Haven’t been reading much lately so had to go back some months, but here’s one fiction book and one non-fiction.
“Hood” dates from before Emma Donoghue started writing historical fiction, but has become a period piece in its own right – a snapshot of the Irish lesbian scene thirty or forty years ago. Complicated, but generally likeable, characters, and a really convincing portrait of the intricacies and contradictions of grief.

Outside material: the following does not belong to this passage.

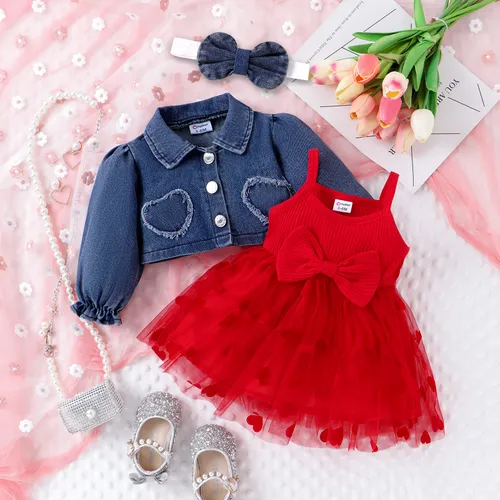 3pcs Valentine's Day Heart-Shaped Denim Dress Set for Baby Girl with Headband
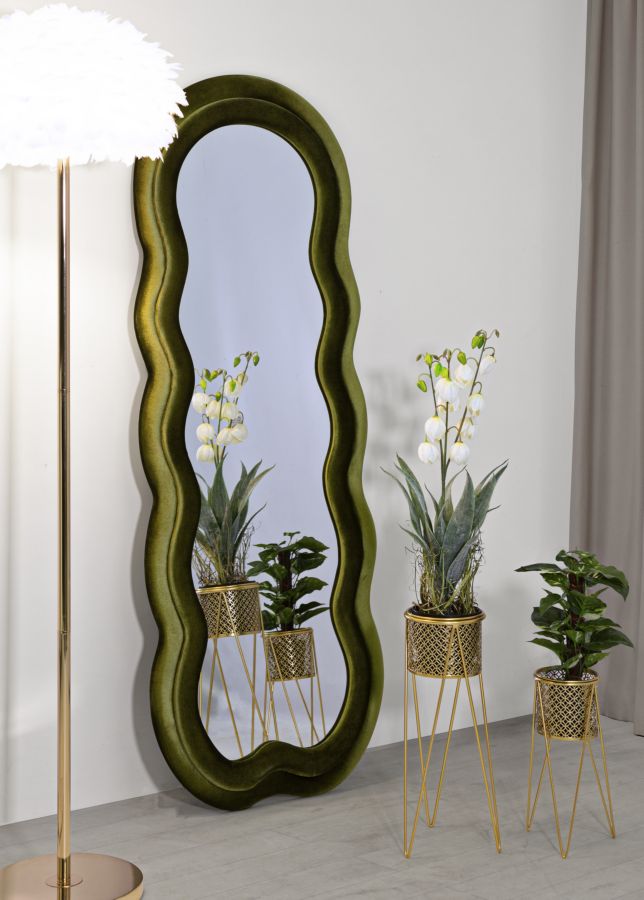 WALL MIRROR MIKI GREEN VELVET CM 60X4X160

“Winters in the World” is much more recent – in fact, probably the most recent book I read this year. I think it came out late 2022. It’s lovely – a slow journey through the seasons and festivals of the year as seen through early medieval literature. Some of the pieces quoted were familiar, from church or from my long ago Eng Lit degree, but most were new to me. Much more enjoyable and edifying (she tells herself sternly) than arguing online over whether some advertising gimmick invented in 1957 is a sekrit pagan survival. (I don’t actually argue, but I do waste time and emotional energy muttering to myself about it.)
Not pictured, because on my e-reader, Plain Bad Heroines (Emily m Danforth) and Bad To The Bone (Brian Waddington) – two slick, stylish, cynical novels with what I’d like to call a side of magical realism if only that didn’t sound so much like whimsy. Which they very much weren’t.